The data avalanche brought about by the digital revolution has made it possible to harness vast datasets for everything from statistical analysis to teaching machines to recognize patterns and respond in ‘intelligent’ ways.
But much of this data comes from humans, and many of those humans expect their data to remain private. Preserving this privacy, however, is not always easy, says University of California, San Diego Computer Science Professor Kamalika Chaudhuri.
“Suppose you have some sensitive data, such as genomic data that you’ve gathered from patients, and now you want to compute some statistics on that data to develop some kind of prediction algorithm,” she explains. “For example, you could be analyzing certain features of patients in order to predict if they might develop a certain disease.
“With most data-based research, so long as the patients’ names and addresses and some other identifying information are removed, the data is considered private,” adds Chaudhuri, an affiliate of the UC San Diego division of the California Institute for Telecommunications and Information Technology (Calit2), where she worked as a researcher for Calit2’s Information Theory and Applications Center.
“But with datasets with a lot of features, this is not the case,” she notes, “particularly when they are based on small sample-sizes.”

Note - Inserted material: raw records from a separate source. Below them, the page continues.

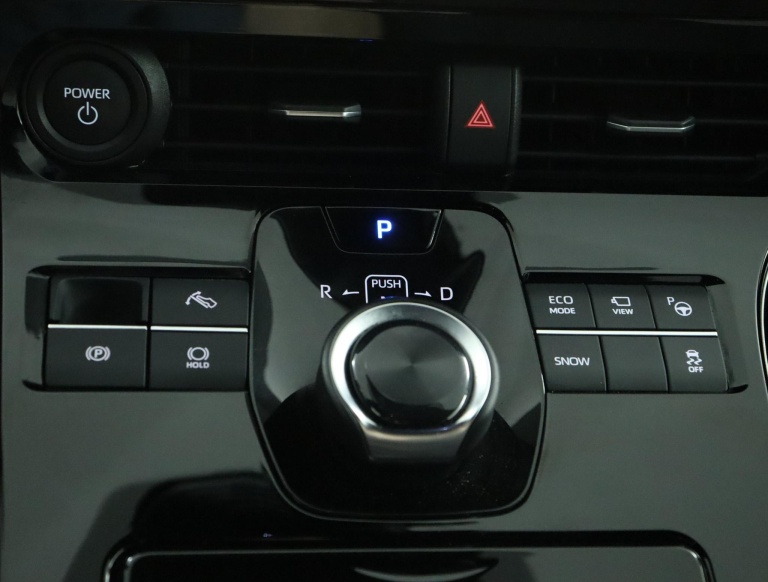 Toyota bZ4X - Premium 71 kWh 27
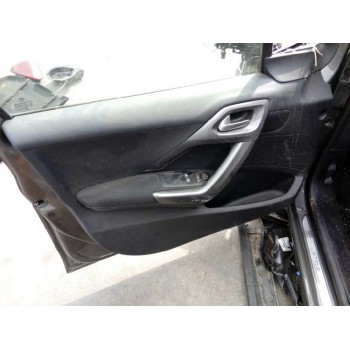 peugeot 2008 (--.2013) del año 2018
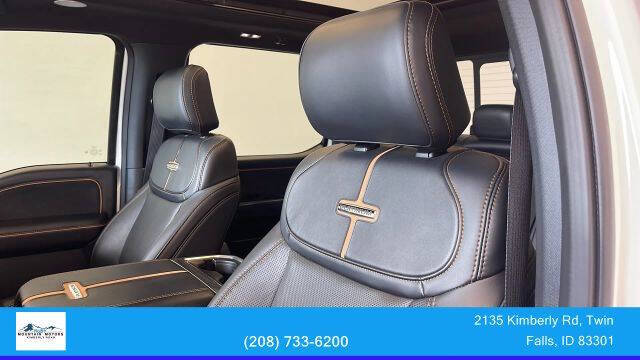 2024 Ford F-350 Super Duty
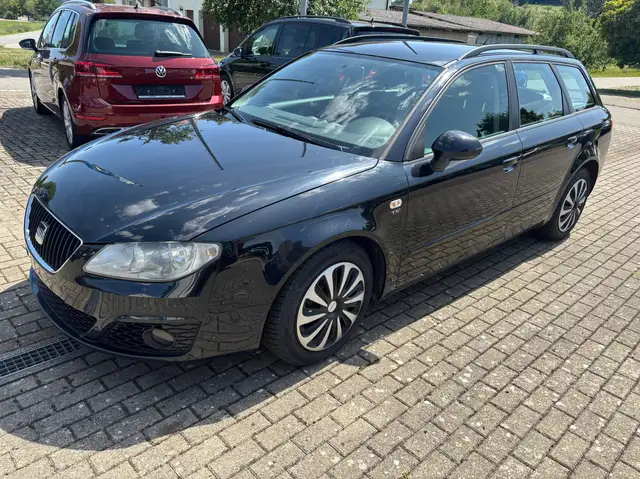 SEAT Exeo 1.8TSI Kombi Reference
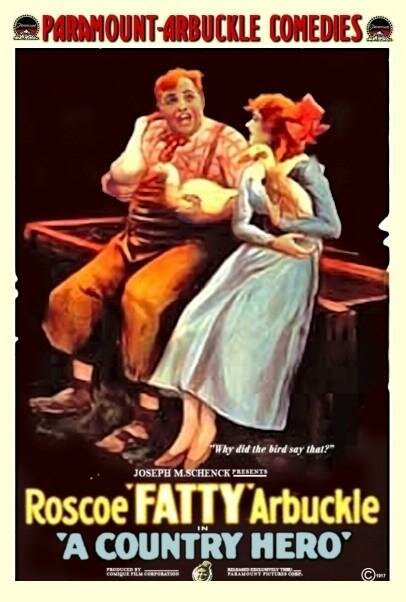 Деревенский герой скачать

Privacy researchers have discovered that with a little prior knowledge it is possible to ‘reverse-engineer’ the statistics obtained from such data to determine who the patients are, thus compromising their privacy.
To account for this, Chaudhuri and her team have developed a series of privacy-preserving techniques — collectively known as “Differentially Private Empirical Risk Minimization” — to determine how to classify data and subsequently develop prediction algorithms, while simultaneously maintaining privacy.
Chaudhuri will present a paper on her approach, titled Convergence Rates for Differentially Private Statistical Estimation, at the upcoming International Conference on Machine Learning June 26-July 1 in Edinburgh, Scotland.
One crucial aspect of the approach is to add a certain degree of noise to a dataset to mask the effects of one person’s data being added (aka “objective perturbation”).
“But because you’re adding a little bit of noise to the data, you’re also losing some accuracy,” notes Chaudhuri, “so we also try to quantify how much accuracy you’re going to lose in order to provide privacy. The more samples in your data, the less the relative loss of accuracy, so accuracy is a function of sample size. So really what we’re doing is quantifying the price of privacy.”
Chaudhuri says her team’s results show that, both theoretically and empirically, objective perturbation is superior to previous state-of-the-art techniques for managing the inherent tradeoff between privacy and learning performance. Better yet, the techniques can be used for any type of data — from medical data to financial data — thereby ensuring that machines can get smarter without compromising the human desire to remain anonymous.
Chaudhuri’s newest paper on the topic, which she co-authored with UC San Diego postdoctoral researcher Daniel Hsu, investigates the kind of properties statistical estimators should have so that they can be computed with differential privacy and relatively low loss in accuracy. The results in the paper reveal a concrete connection between differential privacy and robust statistics, a field of statistics that builds statistical estimators which account for small errors and outliers in the data.
“Much of data-based research involves the computation of some kind of statistical estimator, such as the mean, the median or p-values, based on the data,” Chaudhuri explains. “When this data is sensitive, these estimators need to be computed with privacy. Our results indicate that statistical estimators, which are robust in a certain sense, can be approximated with differential privacy and high accuracy."